Solution: Histograms are for numerical variables i.e. the horizontal part of each histogram bar represents an interval, whereas for a categorical variable each bar represents only one level of the categorical variable.

(LC2.27) What is the difference between histograms and barplots?

Solution: See above.

(LC2.28) How many Envoy Air flights departed NYC in 2013?

Solution: Envoy Air is carrier code MQ and thus 26397 flights departed NYC in 2013.

(LC2.29) What was the seventh highest airline in terms of departed flights from NYC in 2013? How could we better present the table to get this answer quickly?

Solution: The answer is US, AKA U.S. Airways, with 20536 flights. However, picking out the seventh highest airline when the rows are sorted alphabetically by carrier code is difficult. This would be easier to do if the rows were sorted by number. We’ll learn how to do this in Chapter 3 on data wrangling.

(LC2.30) Why should pie charts be avoided and replaced by barplots?

Solution: In our opinion, comparisons using horizontal lines are easier than comparing angles and areas of circles.

(LC2.31) What is your opinion as to why pie charts continue to be used?

Solution: In our opinion, pie charts are generally considered as a poorer method for communicating data than bar charts. People’s brains are not as good at comparing the size of angles because there is no scale, and in comparison, it is much easier to compare the heights of bars in a bar charts. However, in some circumstances, for example, when representing 25% and 75% of a sample size, if we have 2 bars, in which the higher one is three times in height of the other one, it is difficult to tell the scale of their comparison without labels. But in a bar chart, it would be easy to compare if a circle is divided by 75% and 25%. (Read more at: https://www.displayr.com/why-pie-charts-are-better-than-bar-charts/)

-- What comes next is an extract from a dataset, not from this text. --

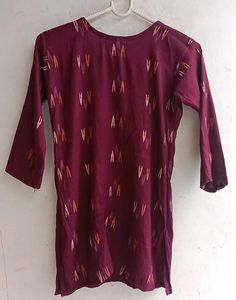 Maroon Embroidered Kurta 💜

(LC2.32) What kinds of questions are not easily answered by looking at the above figure?

Solution: Because the red, green, and blue bars don’t all start at 0 (only red does), it makes comparing counts hard.

(LC2.33) What can you say, if anything, about the relationship between airline and airport in NYC in 2013 in regards to the number of departing flights?

Solution: The different airlines prefer different airports. For example, United is mostly a Newark carrier and JetBlue is a JFK carrier. If airlines didn’t prefer airports, each color would be roughly one third of each bar.

(LC2.34) Why might the side-by-side (AKA dodged) barplot be preferable to a stacked barplot in this case?

Solution: We can easily compare the different airports for a given carrier using a single comparison line i.e. things are lined up

(LC2.35) What are the disadvantages of using a side-by-side (AKA dodged) barplot, in general?

Solution: It is hard to get totals for each airline.

(LC2.36) Why is the faceted barplot preferred to the side-by-side and stacked barplots in this case?

Solution: Not that different than using side-by-side; depends on how you want to organize your presentation.

(LC2.37) What information about the different carriers at different airports is more easily seen in the faceted barplot?

Solution: Now we can also compare the different carriers within a particular airport easily too. For example, we can read off who the top carrier for each airport is easily using a single horizontal line.